Assignment.
Each line below must be set down exactly as it stands.

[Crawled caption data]
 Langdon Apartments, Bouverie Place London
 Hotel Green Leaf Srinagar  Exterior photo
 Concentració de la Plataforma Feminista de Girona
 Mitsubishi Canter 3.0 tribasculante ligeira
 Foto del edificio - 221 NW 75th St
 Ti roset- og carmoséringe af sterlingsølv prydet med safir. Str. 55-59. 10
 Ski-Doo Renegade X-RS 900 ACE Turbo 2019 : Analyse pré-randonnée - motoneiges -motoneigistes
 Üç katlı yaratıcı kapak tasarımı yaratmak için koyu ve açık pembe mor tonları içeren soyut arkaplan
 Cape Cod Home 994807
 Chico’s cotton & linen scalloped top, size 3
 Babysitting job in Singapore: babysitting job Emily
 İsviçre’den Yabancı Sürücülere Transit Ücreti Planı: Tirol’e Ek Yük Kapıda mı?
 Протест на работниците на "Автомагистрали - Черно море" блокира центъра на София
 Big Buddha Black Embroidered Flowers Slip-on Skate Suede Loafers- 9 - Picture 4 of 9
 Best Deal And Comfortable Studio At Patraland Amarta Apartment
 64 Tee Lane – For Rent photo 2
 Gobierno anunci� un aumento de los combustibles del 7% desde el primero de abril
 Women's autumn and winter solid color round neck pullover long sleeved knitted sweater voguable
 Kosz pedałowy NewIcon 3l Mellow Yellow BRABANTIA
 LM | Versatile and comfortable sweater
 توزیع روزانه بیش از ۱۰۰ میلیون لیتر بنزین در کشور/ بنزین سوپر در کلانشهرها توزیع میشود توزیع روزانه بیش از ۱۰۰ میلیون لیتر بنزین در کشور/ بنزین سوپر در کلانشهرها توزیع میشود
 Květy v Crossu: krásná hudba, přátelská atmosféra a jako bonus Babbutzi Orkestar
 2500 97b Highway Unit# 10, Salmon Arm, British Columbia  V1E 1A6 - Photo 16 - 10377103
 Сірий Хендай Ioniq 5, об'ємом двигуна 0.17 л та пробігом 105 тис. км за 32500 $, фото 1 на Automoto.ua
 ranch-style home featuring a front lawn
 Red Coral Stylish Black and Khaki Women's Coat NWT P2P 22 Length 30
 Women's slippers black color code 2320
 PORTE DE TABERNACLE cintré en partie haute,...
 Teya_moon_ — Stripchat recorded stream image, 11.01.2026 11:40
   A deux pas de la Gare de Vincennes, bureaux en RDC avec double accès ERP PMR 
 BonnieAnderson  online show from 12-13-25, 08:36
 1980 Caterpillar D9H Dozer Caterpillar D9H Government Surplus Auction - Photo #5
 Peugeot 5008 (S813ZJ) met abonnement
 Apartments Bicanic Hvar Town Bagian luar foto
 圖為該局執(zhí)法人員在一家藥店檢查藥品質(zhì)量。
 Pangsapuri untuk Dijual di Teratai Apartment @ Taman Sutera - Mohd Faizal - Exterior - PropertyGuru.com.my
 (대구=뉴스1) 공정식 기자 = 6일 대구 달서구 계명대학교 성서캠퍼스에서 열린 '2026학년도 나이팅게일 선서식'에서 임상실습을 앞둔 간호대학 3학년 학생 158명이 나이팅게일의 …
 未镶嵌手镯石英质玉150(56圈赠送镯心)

Solution to this problem.
 Langdon Apartments, Bouverie Place London
 Hotel Green Leaf Srinagar  Exterior photo
 Concentració de la Plataforma Feminista de Girona
 Mitsubishi Canter 3.0 tribasculante ligeira
 Foto del edificio - 221 NW 75th St
 Ti roset- og carmoséringe af sterlingsølv prydet med safir. Str. 55-59. 10
 Ski-Doo Renegade X-RS 900 ACE Turbo 2019 : Analyse pré-randonnée - motoneiges -motoneigistes
 Üç katlı yaratıcı kapak tasarımı yaratmak için koyu ve açık pembe mor tonları içeren soyut arkaplan
 Cape Cod Home 994807
 Chico’s cotton & linen scalloped top, size 3
 Babysitting job in Singapore: babysitting job Emily
 İsviçre’den Yabancı Sürücülere Transit Ücreti Planı: Tirol’e Ek Yük Kapıda mı?
 Протест на работниците на "Автомагистрали - Черно море" блокира центъра на София
 Big Buddha Black Embroidered Flowers Slip-on Skate Suede Loafers- 9 - Picture 4 of 9
 Best Deal And Comfortable Studio At Patraland Amarta Apartment
 64 Tee Lane – For Rent photo 2
 Gobierno anunci� un aumento de los combustibles del 7% desde el primero de abril
 Women's autumn and winter solid color round neck pullover long sleeved knitted sweater voguable
 Kosz pedałowy NewIcon 3l Mellow Yellow BRABANTIA
 LM | Versatile and comfortable sweater
 توزیع روزانه بیش از ۱۰۰ میلیون لیتر بنزین در کشور/ بنزین سوپر در کلانشهرها توزیع میشود توزیع روزانه بیش از ۱۰۰ میلیون لیتر بنزین در کشور/ بنزین سوپر در کلانشهرها توزیع میشود
 Květy v Crossu: krásná hudba, přátelská atmosféra a jako bonus Babbutzi Orkestar
 2500 97b Highway Unit# 10, Salmon Arm, British Columbia  V1E 1A6 - Photo 16 - 10377103
 Сірий Хендай Ioniq 5, об'ємом двигуна 0.17 л та пробігом 105 тис. км за 32500 $, фото 1 на Automoto.ua
 ranch-style home featuring a front lawn
 Red Coral Stylish Black and Khaki Women's Coat NWT P2P 22 Length 30
 Women's slippers black color code 2320
 PORTE DE TABERNACLE cintré en partie haute,...
 Teya_moon_ — Stripchat recorded stream image, 11.01.2026 11:40
   A deux pas de la Gare de Vincennes, bureaux en RDC avec double accès ERP PMR 
 BonnieAnderson  online show from 12-13-25, 08:36
 1980 Caterpillar D9H Dozer Caterpillar D9H Government Surplus Auction - Photo #5
 Peugeot 5008 (S813ZJ) met abonnement
 Apartments Bicanic Hvar Town Bagian luar foto
 圖為該局執(zhí)法人員在一家藥店檢查藥品質(zhì)量。
 Pangsapuri untuk Dijual di Teratai Apartment @ Taman Sutera - Mohd Faizal - Exterior - PropertyGuru.com.my
 (대구=뉴스1) 공정식 기자 = 6일 대구 달서구 계명대학교 성서캠퍼스에서 열린 '2026학년도 나이팅게일 선서식'에서 임상실습을 앞둔 간호대학 3학년 학생 158명이 나이팅게일의 …
 未镶嵌手镯石英质玉150(56圈赠送镯心)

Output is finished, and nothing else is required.